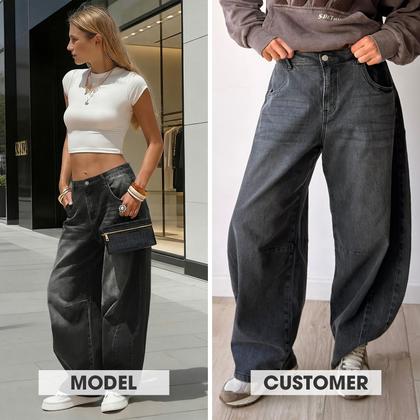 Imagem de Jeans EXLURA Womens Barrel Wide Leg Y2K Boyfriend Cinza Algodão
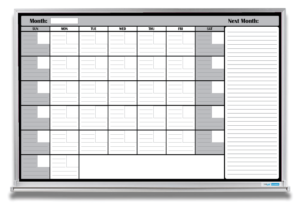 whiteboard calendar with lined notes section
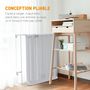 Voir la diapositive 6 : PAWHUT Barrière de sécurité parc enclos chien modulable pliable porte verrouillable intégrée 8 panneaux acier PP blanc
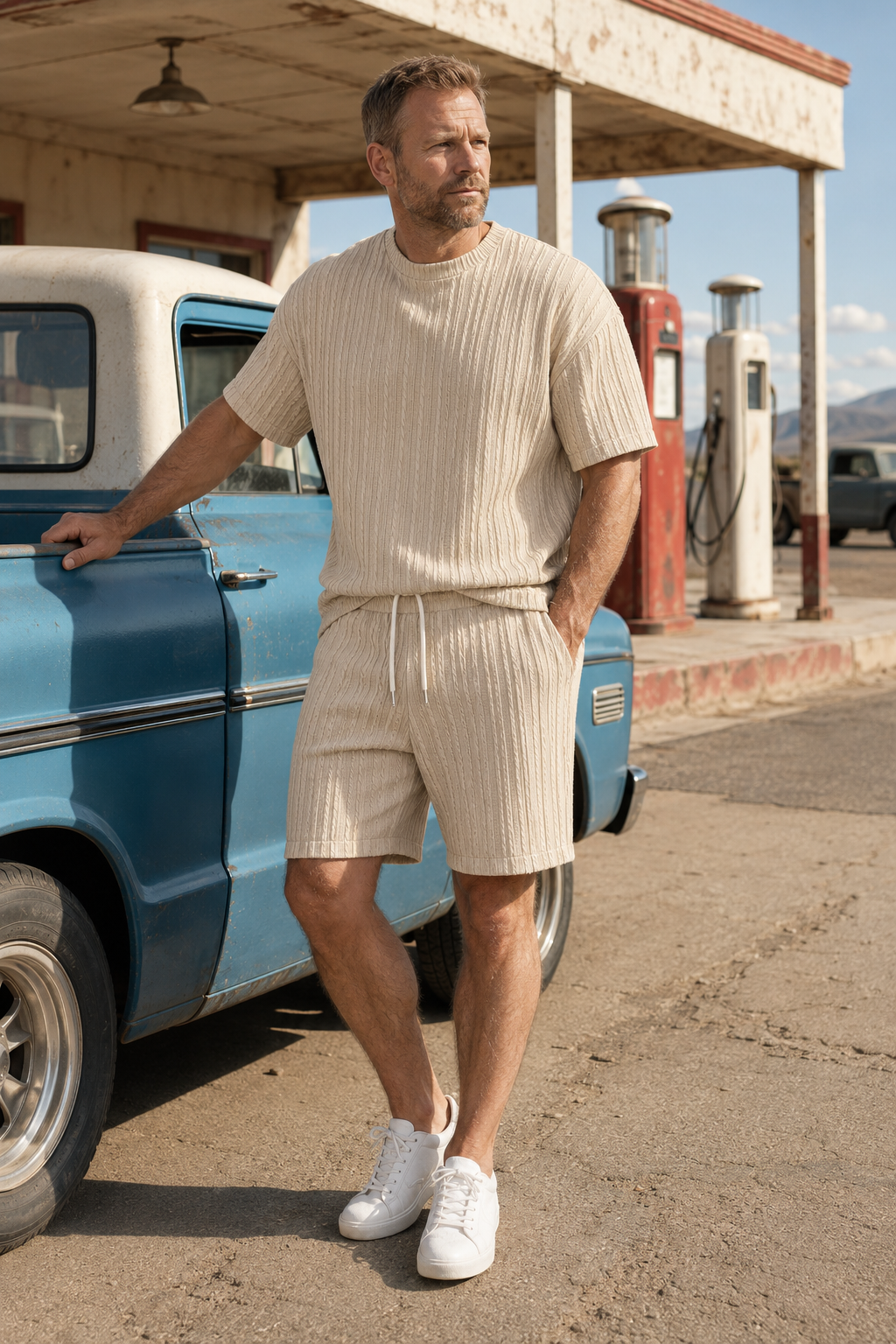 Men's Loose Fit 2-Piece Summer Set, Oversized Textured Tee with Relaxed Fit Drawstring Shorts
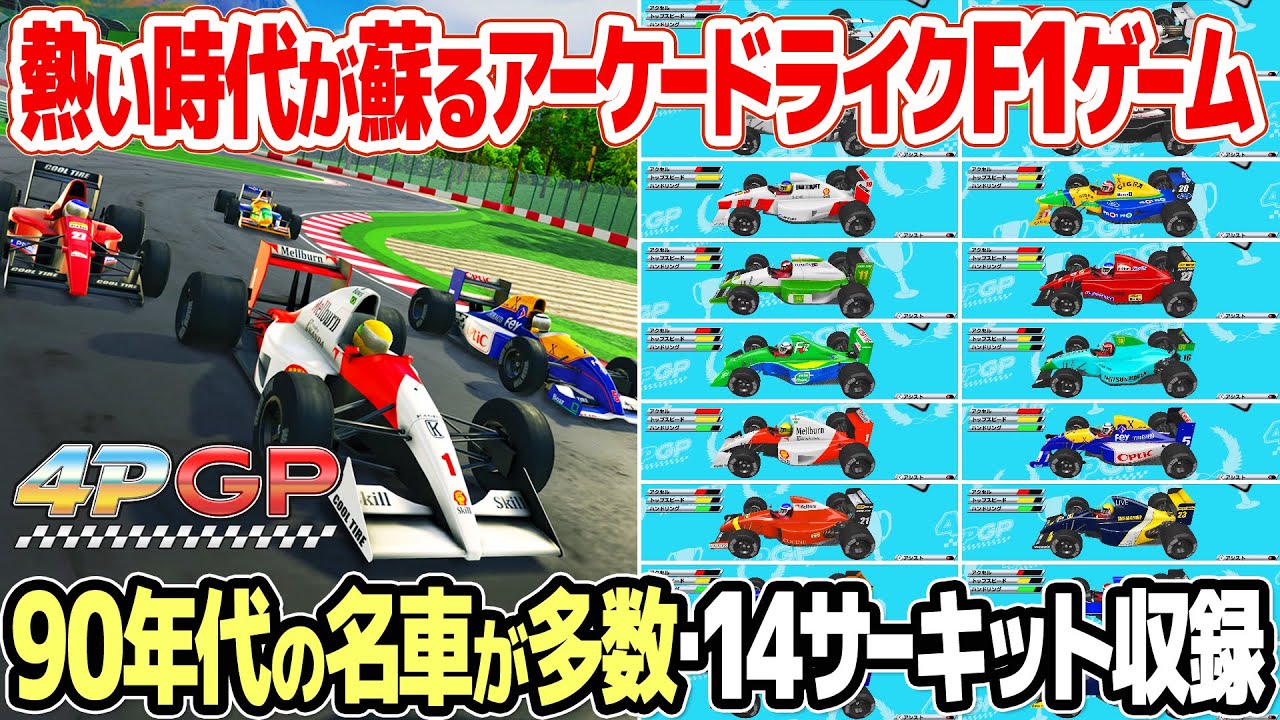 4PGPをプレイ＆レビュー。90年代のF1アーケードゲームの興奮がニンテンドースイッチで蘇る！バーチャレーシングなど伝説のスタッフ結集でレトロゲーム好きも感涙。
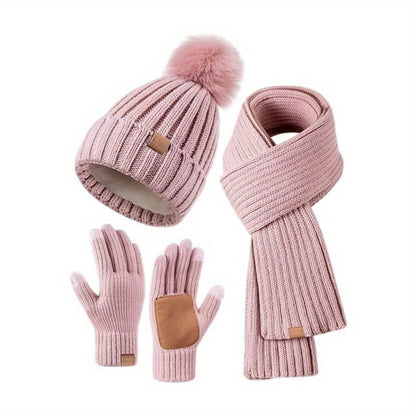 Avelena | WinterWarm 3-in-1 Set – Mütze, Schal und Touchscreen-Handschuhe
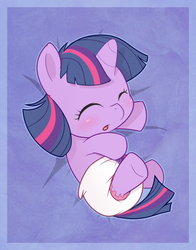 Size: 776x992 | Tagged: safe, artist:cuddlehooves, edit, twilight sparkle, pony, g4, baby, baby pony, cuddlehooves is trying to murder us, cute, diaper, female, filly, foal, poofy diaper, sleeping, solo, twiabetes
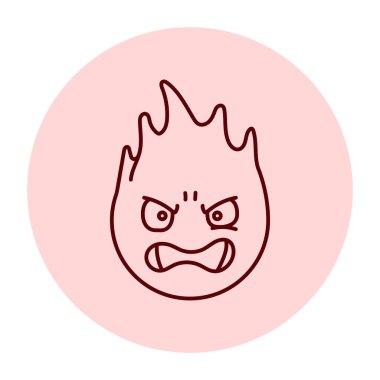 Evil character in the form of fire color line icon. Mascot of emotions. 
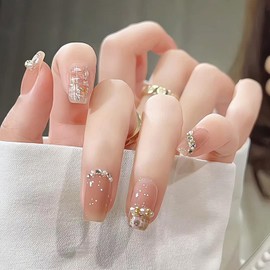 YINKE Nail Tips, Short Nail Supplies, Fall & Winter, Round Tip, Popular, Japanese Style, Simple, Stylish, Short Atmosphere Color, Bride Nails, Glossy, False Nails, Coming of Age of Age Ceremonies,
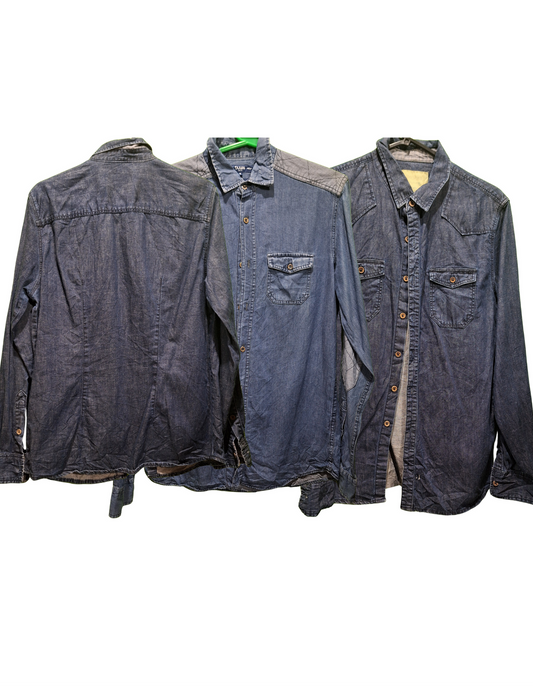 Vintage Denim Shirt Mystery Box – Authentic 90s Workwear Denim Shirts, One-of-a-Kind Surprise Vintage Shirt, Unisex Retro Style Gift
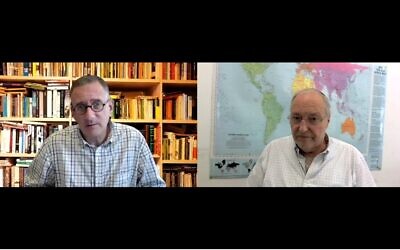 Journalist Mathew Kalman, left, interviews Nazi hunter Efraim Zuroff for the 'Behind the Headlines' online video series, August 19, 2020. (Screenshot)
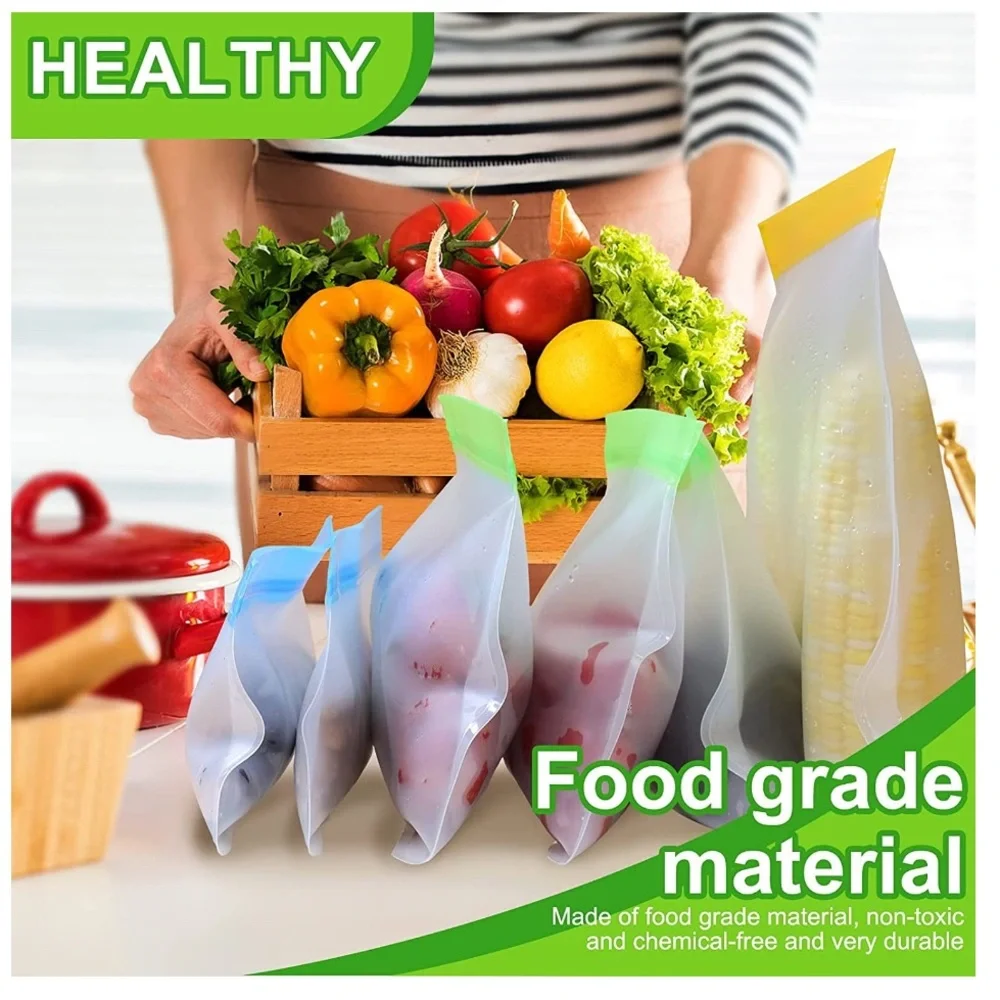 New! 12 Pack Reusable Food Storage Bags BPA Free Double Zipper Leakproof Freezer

**Problem details:** Set down exactly the lines from the start of the records through the line containing "Evil character in", both included, and omit the pictures.

**Output of the exercise:**
 Imagem de Jeans EXLURA Womens Barrel Wide Leg Y2K Boyfriend Cinza Algodão
 whiteboard calendar with lined notes section
 Voir la diapositive 6 : PAWHUT Barrière de sécurité parc enclos chien modulable pliable porte verrouillable intégrée 8 panneaux acier PP blanc
 Men's Loose Fit 2-Piece Summer Set, Oversized Textured Tee with Relaxed Fit Drawstring Shorts
 4PGPをプレイ＆レビュー。90年代のF1アーケードゲームの興奮がニンテンドースイッチで蘇る！バーチャレーシングなど伝説のスタッフ結集でレトロゲーム好きも感涙。
 Avelena | WinterWarm 3-in-1 Set – Mütze, Schal und Touchscreen-Handschuhe
 Size: 776x992 | Tagged: safe, artist:cuddlehooves, edit, twilight sparkle, pony, g4, baby, baby pony, cuddlehooves is trying to murder us, cute, diaper, female, filly, foal, poofy diaper, sleeping, solo, twiabetes
 Evil character in the form of fire color line icon. Mascot of emotions. 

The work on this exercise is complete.